Topic link: https:? //Cometoj.com/contest/58/problem/C problem_id = 2760



code This question is very simple, the main point is there is a pit. We may think of going to start planning how to get dynamic, such as which of the two first fusion, and fusion which of the two first, and then deal with * k interval; or the order reversed. Think so, the whole process of dynamic programming will become very complicated.

But if we let go of some of the visual field, or take the time to simulate what we will find, in all cases not * k runes, regardless of choice, and ultimately to merge into a rune, then the total energy released in fact, it is unchanged. We need to do, in fact, is to determine whether to have * k interval, the interval from where to start, where to end, in order to make the final energy as small as possible.
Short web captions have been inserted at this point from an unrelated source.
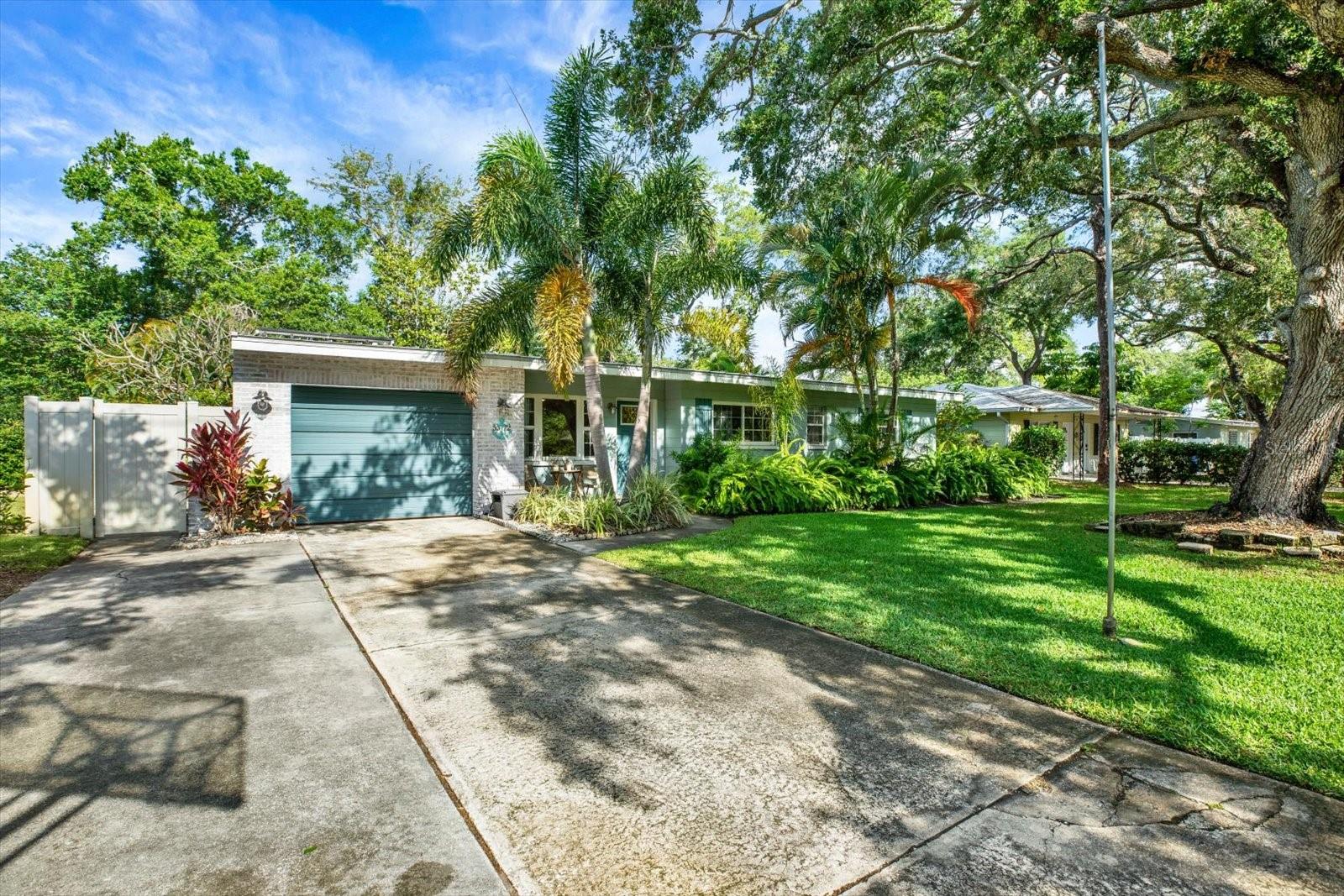 5572 100TH WAY N, ST PETERSBURG, FL — photo 29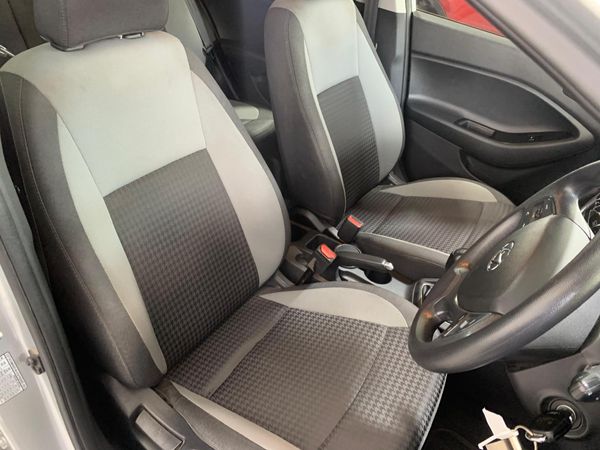 2019-Hyundai-i20-12-Motion image:10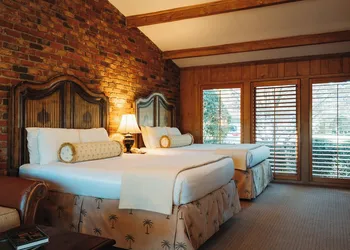 Pine Needles Lodge & Golf Club hotel thumbnail 2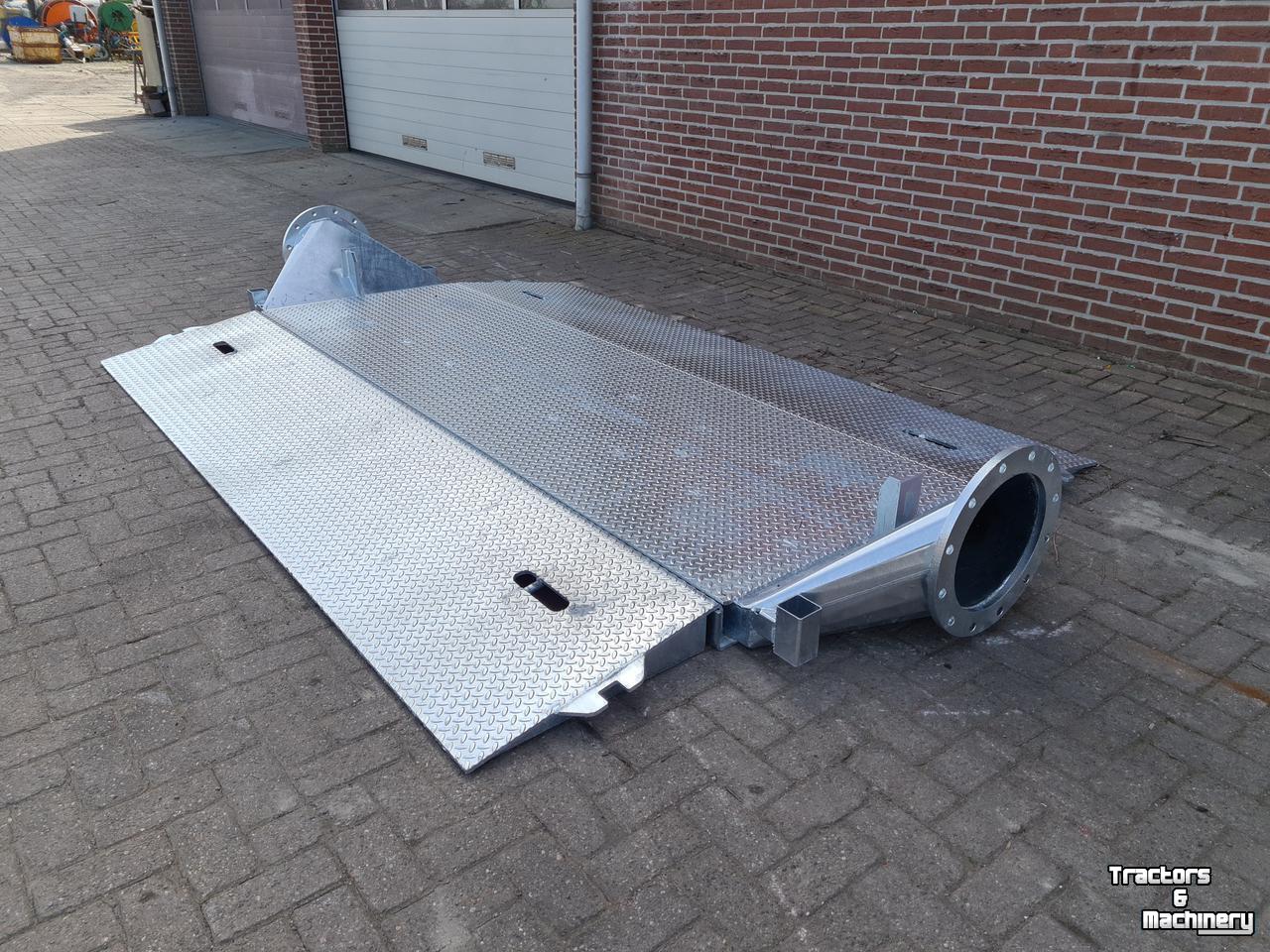 Pont d'irrigation mobile AGM Leidingdrempel / road ramp
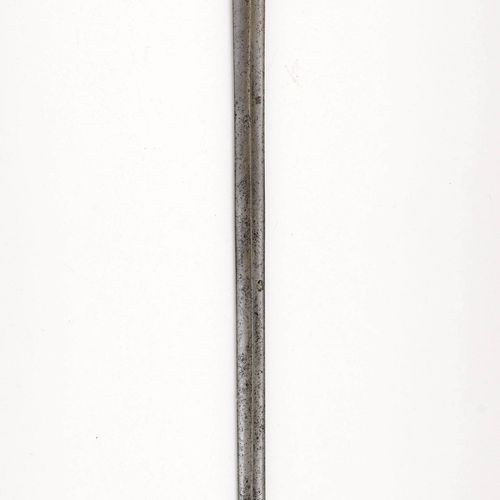 Null 剑，SOGENANNED CROSS DECK
约1500年的德国风格，19世纪末的作品。
铁制剑柄，长圆锥形，十边形，凹槽鞍座，铆钉表面为半球形。三&hellip;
In this case, dp dimension is actually on the set, because the order does not affect integration, we directly adjacent to each initial array are integrated, O (n) again in the past, each has four states, understand the code directly, in comments he continued.

#include <stdio.h>
#include <stdlib.h>
#include <math.h>
#include <algorithm>
#include <stack>
#include <queue>
#include <vector>
#include <iostream>
#include <string.h>
const int MAX=1e6+5;
using namespace std;
typedef long long ll;
typedef unsigned long long ull;
/// https://cometoj.com/contest/58/problem/C?problem_id=2760

ll a[MAX], b[MAX], dp[MAX][5];
int main()
{
  int i, j, n, k;
  cin >> n >> k;
  for (i=0; i<n; i++)
    scanf("%lld%lld", &a[i], &b[i]);
  for (i=1; i<n; i++)/// 状态数组dp从上向下滚动，对应符石从左到右
  {
    dp[i][0] = dp[i-1][0] + a[i]*b[i-1];/// 直接与左边符石融合的情况，顺带上左边
    ///符石和左边的左边符石直接融合产生的能量。dp[i][0]的记录只是为了dp[i][1]的
    ///选择做铺垫，真正的完全不*k的情况会在dp[i][2]被选择
    
    dp[i][1] = min(dp[i-1][0]+k*a[i]*b[i-1], dp[i-1][1]+k*k*a[i]*b[i-1]);/// 两种
    ///状态进行选择，一种是左符石没*k，i符石自己乘；一种是i-1符石和i符石一起乘，
    ///取最优情况记录下来，反正不论选哪个，dp[i][1]记录的都是*k区间覆盖到i符石
    ///的情况
    
    dp[i][2] = min(dp[i-1][1]+k*a[i]*b[i-1], dp[i-1][2]+a[i]*b[i-1]);/// 也是二选
    ///一，一种是i-1符石*k了，到i这里断了不乘了；一种是i-1没乘，i也不乘。所以
    ///dp[i][2]记录的是*k区间没覆盖到i符石的情况
  }
  cout << min(dp[n-1][1], dp[n-1][2]);/// 这里最终取最优
  return 0;
}

In fact, there is finally some interval k, not between the region k these two results, the optimal solution is recorded dp release of energy in each state, so max out a final result.